A loop MRI coil catheter fitted to a Siemens clinical 3T Prisma MRI scanner was used to acquire endoscopic images in post-mortem human artery samples acquired from our pathology department. These vessels had atherosclerosis plaques including calcifications. Images with a range of protocol parameters–repetition time, TR; flip angle, FA; echo time, TE–were acquired from different vessels, initially constraining the adjustment dimensions to FA and TE. 400 images were acquired with a FLASH sequence modified for MRI endoscopy by replacing the excitation pulse with an adiabatic ‘BIR-4’ pulse(1,2) (MRI parameter sets: 20 FA x 20 TE, FA=5-100°, TE=5.6-13.2ms, TR=20ms, time of acquisition, TA=3.6s, field of view, FOV=40mm, resolution=200µm) to create a “parameterized image library.” The same procedure was repeated in other vessels for testing.

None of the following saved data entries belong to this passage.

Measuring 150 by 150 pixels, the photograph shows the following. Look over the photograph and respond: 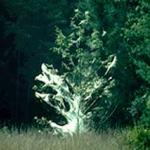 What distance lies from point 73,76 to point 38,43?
584cm

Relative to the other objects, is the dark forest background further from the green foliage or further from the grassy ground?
the green foliage

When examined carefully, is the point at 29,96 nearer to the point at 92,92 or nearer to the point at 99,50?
the point at 99,50

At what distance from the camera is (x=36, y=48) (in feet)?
75.6

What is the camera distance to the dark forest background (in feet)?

After acquisition, the signals at each pixel location of the endoscopy foreground (91x91 pixels) were extracted to form 8281 signal patterns in FA-TE space. The patterns were used to train a variational autoencoder (VAE) (encoder =2 fully-connected layers; decoder =3 fully-connected layers) with 50 epochs(7). The latent code space dimension of the autoencoder was set to 10 to constrain the propagation of information and force the output to retain only the strong signal patterns, as a denoising step. These signal patterns were treated as a calibration set to use as a basis for synthesizing new endoscopy images that could be used to automatically optimize contrast with minimal new input data.

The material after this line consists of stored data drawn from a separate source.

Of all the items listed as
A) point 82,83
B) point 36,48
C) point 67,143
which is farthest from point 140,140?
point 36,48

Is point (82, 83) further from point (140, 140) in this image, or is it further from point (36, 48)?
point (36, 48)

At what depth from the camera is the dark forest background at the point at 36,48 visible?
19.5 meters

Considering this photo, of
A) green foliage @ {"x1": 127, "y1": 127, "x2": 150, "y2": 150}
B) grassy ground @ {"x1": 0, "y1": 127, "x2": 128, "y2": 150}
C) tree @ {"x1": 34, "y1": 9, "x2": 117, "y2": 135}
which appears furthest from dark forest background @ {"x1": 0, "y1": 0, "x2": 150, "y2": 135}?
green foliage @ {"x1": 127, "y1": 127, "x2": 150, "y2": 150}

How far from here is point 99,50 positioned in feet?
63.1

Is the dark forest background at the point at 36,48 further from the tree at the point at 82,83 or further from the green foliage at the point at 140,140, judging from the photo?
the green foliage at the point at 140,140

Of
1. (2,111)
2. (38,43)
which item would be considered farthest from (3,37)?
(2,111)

The application was tested by arbitrarily selecting several protocol settings (3 acquisitions: FA/TE= 20/10.8, 45/8.8, 70/6.8; or 5 acquisitions: FA/TE=20/10, 50/8, 60/12.4, 70/12.8, 95/11.2) from the set of test images. For each pixel location of the test image, the signals were matched based on their ‘cosine similarity’ to the most probable filtered signal patterns in the calibration set, to fill the signal in the rest of the 400 parameter locations. After rearrangement, the upshot was a set of images representing a best estimate of the test image contrast at 400 parameter combinations. This can be used to guide subsequent selection of acquisition parameters. For reference, the testing procedure was run 100 times with 3-10 random parameter selections and the average cosine similarity of the estimated images as compared to ground truth was calculated.

Results

Figure 1 shows examples of endoscopic human vessel images in the calibration set acquired with different parameters. The dark discoidal regions in the center are the endoscopy coils. Note the difference in visibility of the attached tissue (white arrows) and the differentiation of calcifications in the vessel wall (yellow arrows). Figure 2 shows examples of signal patterns of pixels at different locations. The raw acquisition and filtered data illustrate the network’s retention of FA-TE contrast features and suppression of noise features. Figure 3 shows synthesized images of the testing sample at unseen parameter settings from 3 acquisitions and 5 acquisitions, as well as the ground truth. Note the visibility and differentiability of attached tissues, calcifications and vessel walls (arrows). Box plots in Figure 4 shows the distribution of average similarity between the synthesized images and ground truth as a function of the number of measurements.

Discussion

This work demonstrates the feasibility of using empirical data for parameterized image synthesis in MRI endoscopy, yielding comparable image quality. The cosine similarity evaluation is used for reference here, but may not be the ultimate criterion for perception quality. Such synthesis has the potential to guide automatic localized contrast optimization in a real-time in vivo setting such as the interventional applications intended here. Further investigation to extend the process to higher dimensional parametric spaces and to conventional MRI acquisition settings is underway.

Acknowledgements

Supported by NIH grant R01 EB007829 and the Russell H Morgan Chair in Radiology.